## DIRECTIONS FOR THIS TASK:
Retype the material below exactly, from its first line through the line with "We're hearing so"; the pictures stay out.
• • • • •
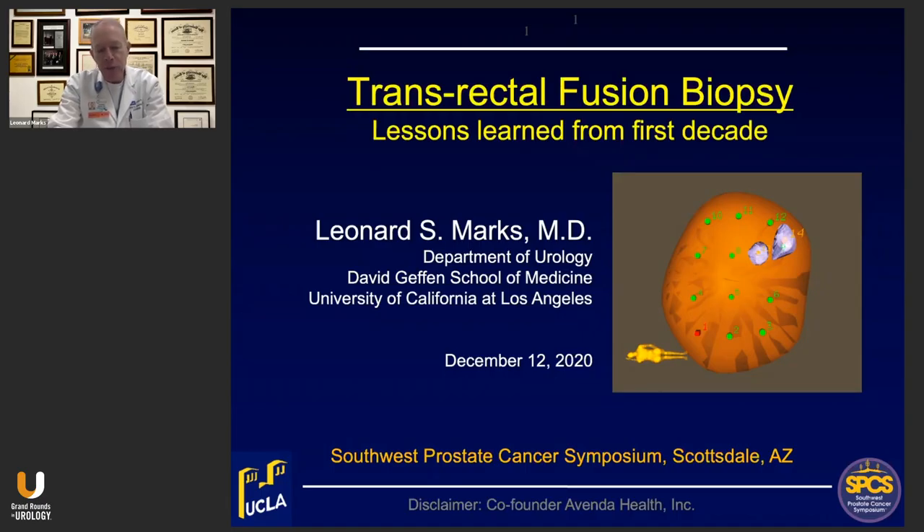These high-tech biopsies are entering the mainstream of our specialty, so it's important to know the advantages and the concerns about the new method.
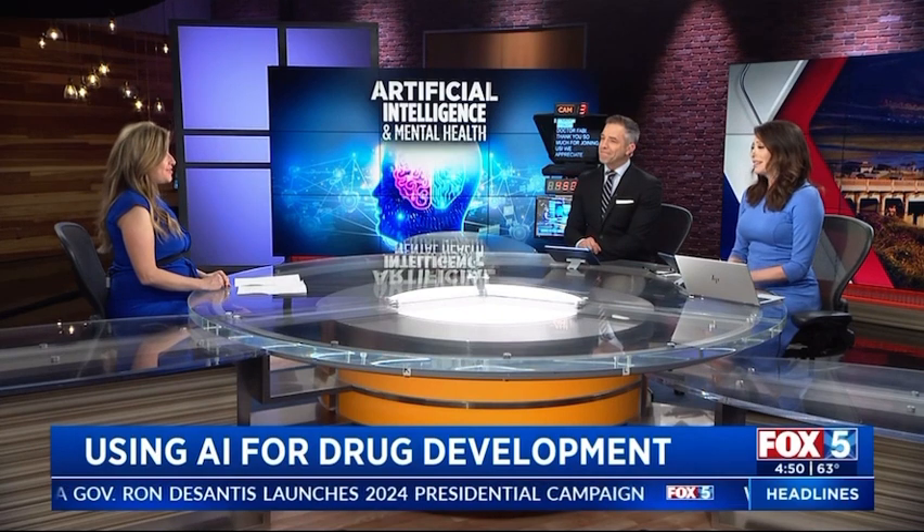We're hearing so many concerns about the dangers of AI, but perhaps this will be a positive influence. Dr. Sabrina Fabi, always great to see you — thank you for breaking such a complicated topic down for us. My pleasure; always trying to give people hope with the possibilities.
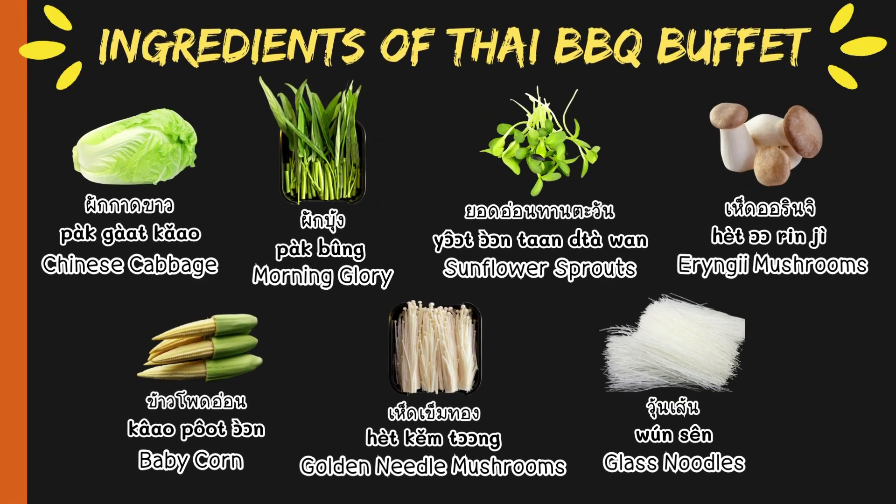Let's see the ingredients of Thai BBQ Buffet. Chinese cabbage — in Thai, พักกาดขาว. Morning glory — in Thai, พักบุ่ง. Sunflower sprouts — in Thai, ยอดอ่อนทานตะวัน. Orangey mushrooms — in Thai, เหตุอรินจิ. Baby corn — in Thai, ข้าวโพทอร์. Golden needle mushrooms — in Thai, เหตุเข็มทอง. Glass noodles — in Thai, มุนเส้น.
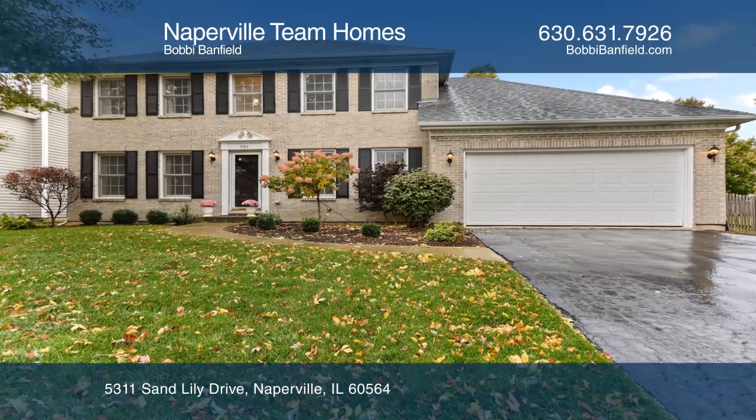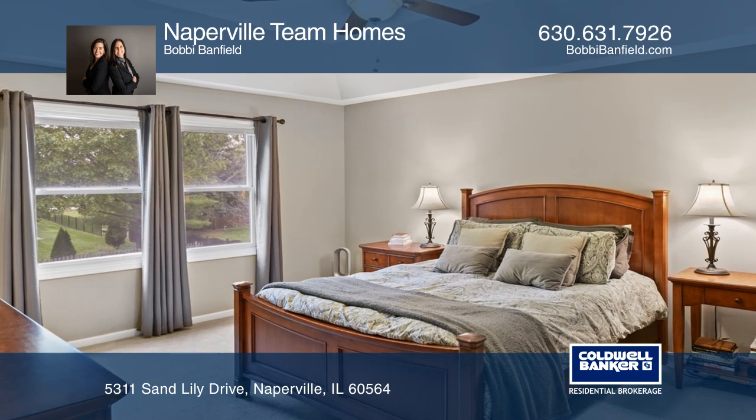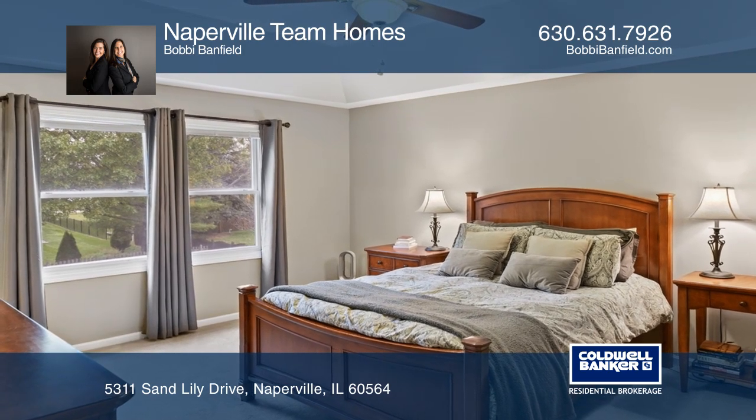This remarkable custom brick front Georgian features four bedrooms, two and one half bathrooms and many updates.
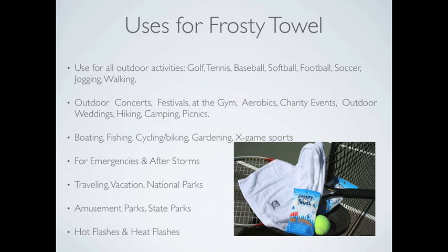Use them while hiking, camping, boating, fishing, cycling, or even gardening. Keep for emergencies or for use after storms.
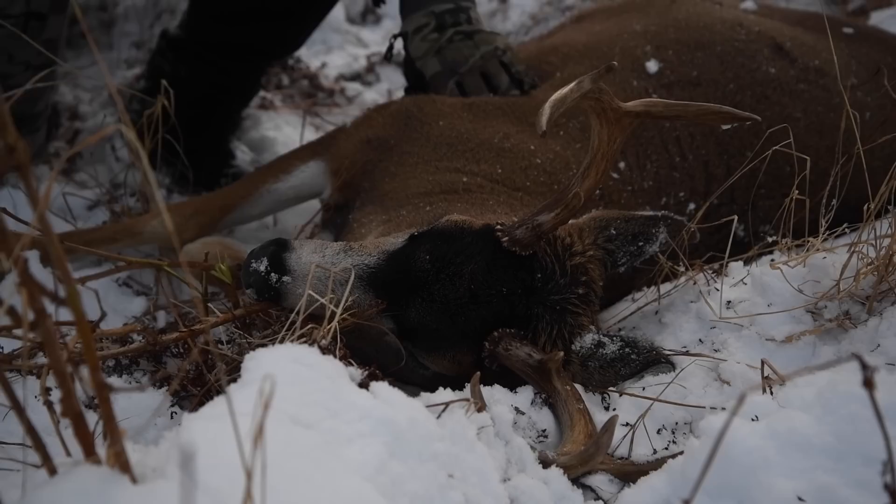The combination of the remote location, the picturesque views, and the fact that they're some of the best-eating deer makes Sitka Blacktail deer hunting an incredible adventure.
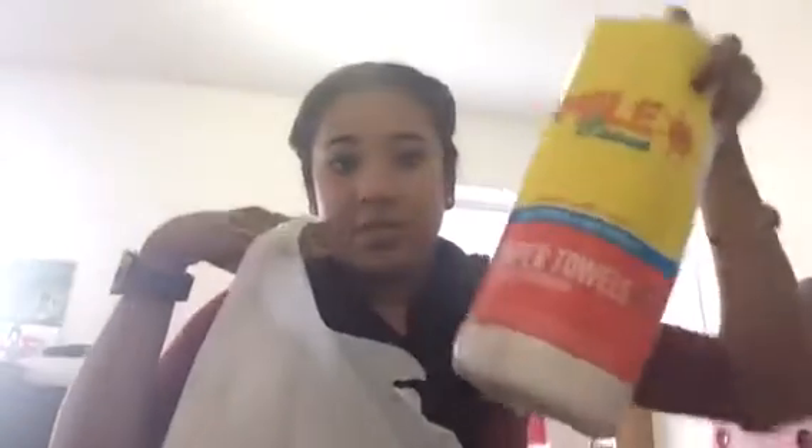And then from Walgreens, I just have some paper towels for work, tissues for work, and this product that was on clearance for $3. It's supposed to make your hair dry faster, so you don't have to use as much of the hair blower.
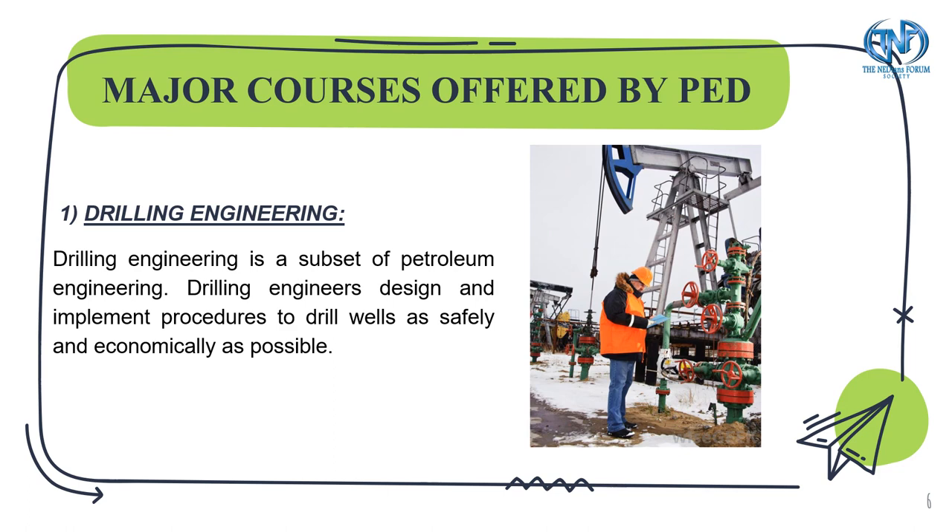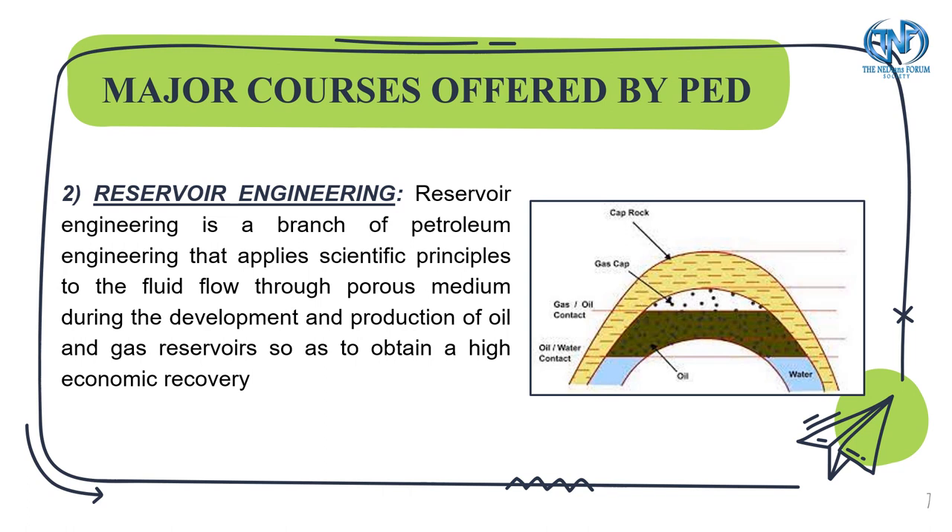These are the major courses offered by the Department of Petroleum Engineering. It is a subset of petroleum engineering. Drilling engineers design and implement procedures to drill wells as safely and economically as possible. Reservoir engineering is the branch of petroleum that applies scientific principles to fluid flow through porous medium during the development and production of oil and gas reservoirs.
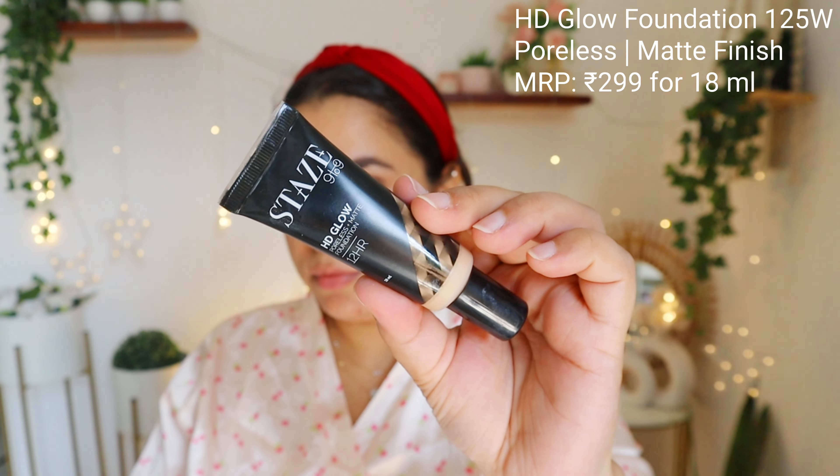Whenever it comes to affordable and good quality makeup, the one brand that comes to my mind is Stays. And today I'm going to create a makeup look with their products.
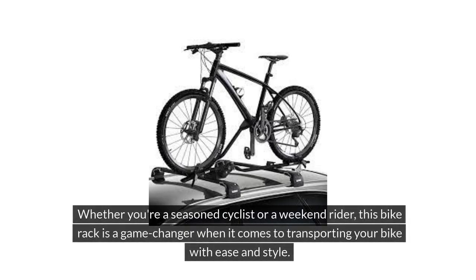Whether you're a seasoned cyclist or a weekend rider, this bike rack is a game-changer when it comes to transporting your bike with ease and style.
• • • • •
## OUTPUT:
These high-tech biopsies are entering the mainstream of our specialty, so it's important to know the advantages and the concerns about the new method.
We're hearing so many concerns about the dangers of AI, but perhaps this will be a positive influence. Dr. Sabrina Fabi, always great to see you — thank you for breaking such a complicated topic down for us. My pleasure; always trying to give people hope with the possibilities.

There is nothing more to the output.